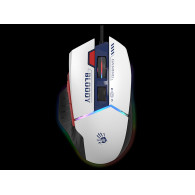 Mysz A4TECH BLOODY W95Max USB Sports Navy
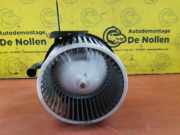 Gebläsemotor Hyundai Lantra II J-2 9711624951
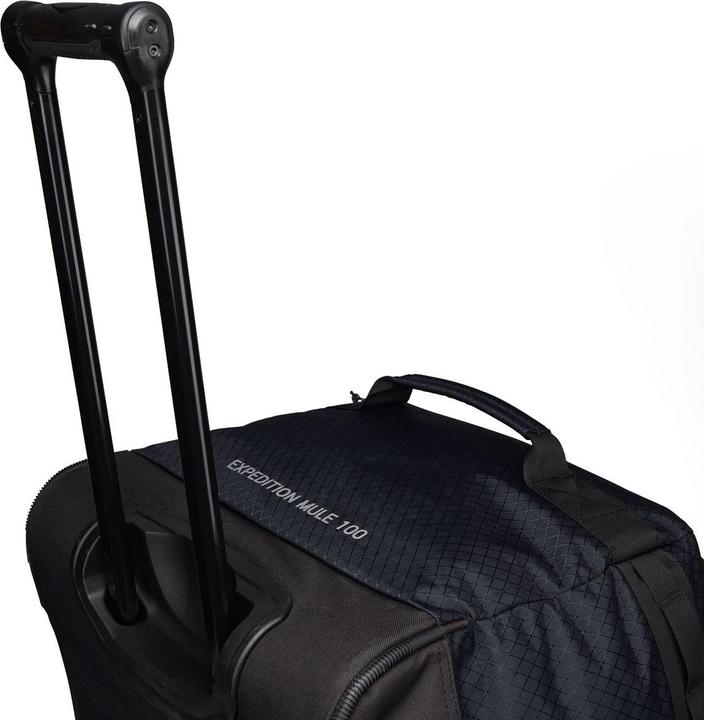 Produktbild Berghaus Expedition Mule 100 Wheeled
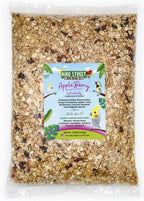 AppleBerry Parrot Food product image 6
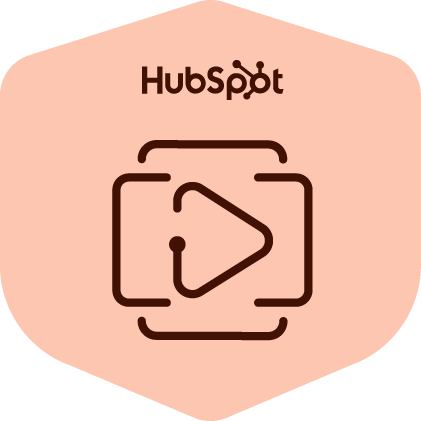 Content Hub Software Certified badge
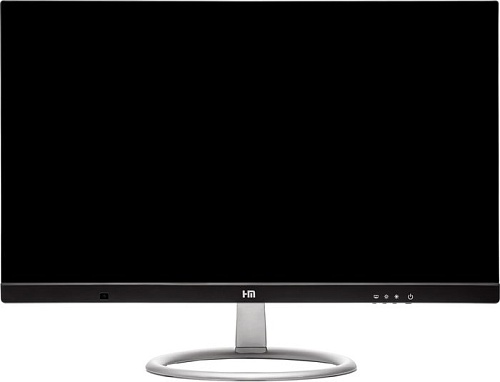 Моноблок N-Tech Prestige M 67302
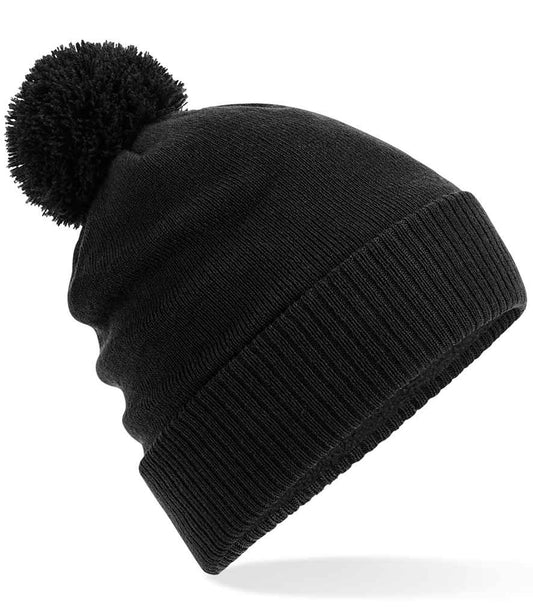 Beechfield Beechfield Water Repellent Thermal Snowstar® Beanie
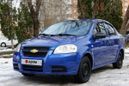  Chevrolet Aveo 2010 , 315000 , 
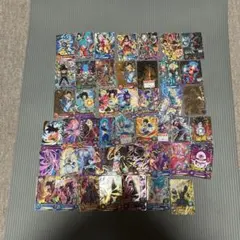 2026年最新】ドラゴンボールヒーローズプロモまとめ売りの人気アイテム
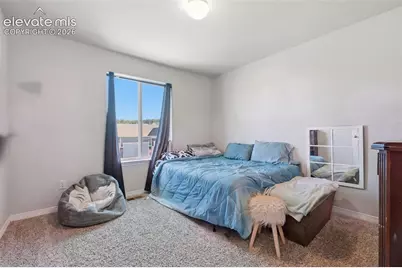 5057 Makalu Drive, Colorado Springs, CO 80924 - Photo 24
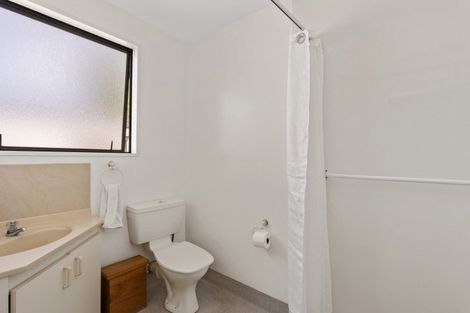 Photo of property in 3/15 Goldsmith Place, Waltham, Christchurch, 8023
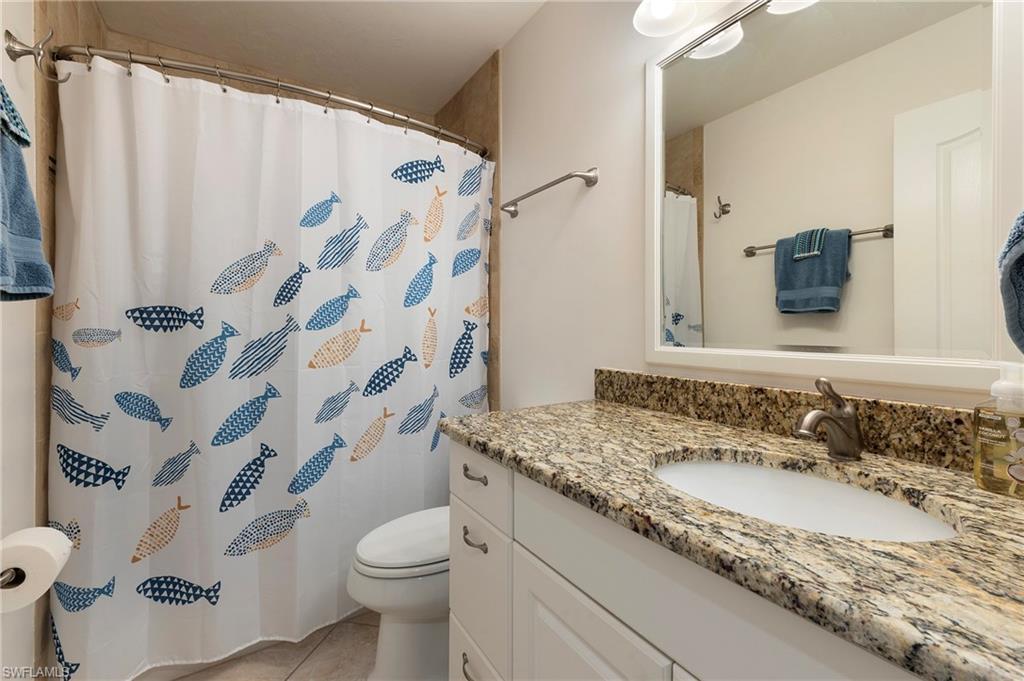 26490 Sunderland DR # 1102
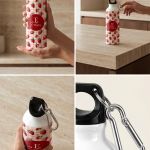 thermos-me-onoma-afierosi-i-0112-1.jpg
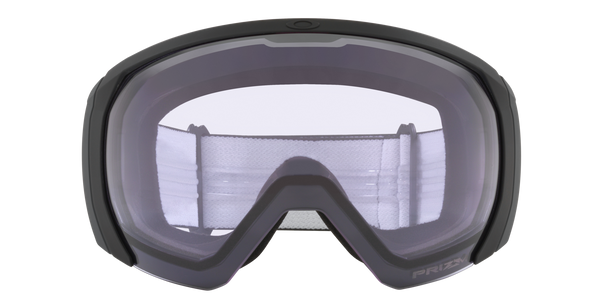 Trajectoire de vol Oakley L OO7110 711034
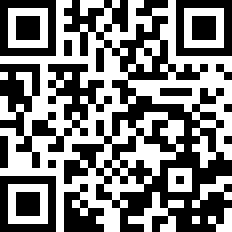 QR code unavaibalble.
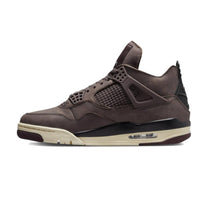 Air Jordan 4 Retro A Ma Maniere Violet Ore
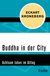 E-Book Buddha in der City
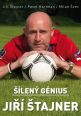 V�ce informac� o v�robku ��len� g�nius Ji�� �tajner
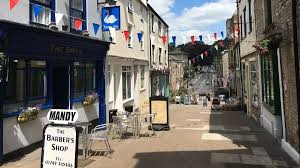 Image result for Shepton Mallet Bowls Club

____

- _Task to carry out_:
Give the data again exactly. Keep the images out.

- _Answer space_:
 Mysz A4TECH BLOODY W95Max USB Sports Navy
 Gebläsemotor Hyundai Lantra II J-2 9711624951
 Produktbild Berghaus Expedition Mule 100 Wheeled
 AppleBerry Parrot Food product image 6
 Content Hub Software Certified badge
 Моноблок N-Tech Prestige M 67302
 Beechfield Beechfield Water Repellent Thermal Snowstar® Beanie
  Chevrolet Aveo 2010 , 315000 , 
 2026年最新】ドラゴンボールヒーローズプロモまとめ売りの人気アイテム
 5057 Makalu Drive, Colorado Springs, CO 80924 - Photo 24
 Photo of property in 3/15 Goldsmith Place, Waltham, Christchurch, 8023
 26490 Sunderland DR # 1102
 thermos-me-onoma-afierosi-i-0112-1.jpg
 Trajectoire de vol Oakley L OO7110 711034
 QR code unavaibalble.
 Air Jordan 4 Retro A Ma Maniere Violet Ore
 E-Book Buddha in der City
 V�ce informac� o v�robku ��len� g�nius Ji�� �tajner
 Image result for Shepton Mallet Bowls Club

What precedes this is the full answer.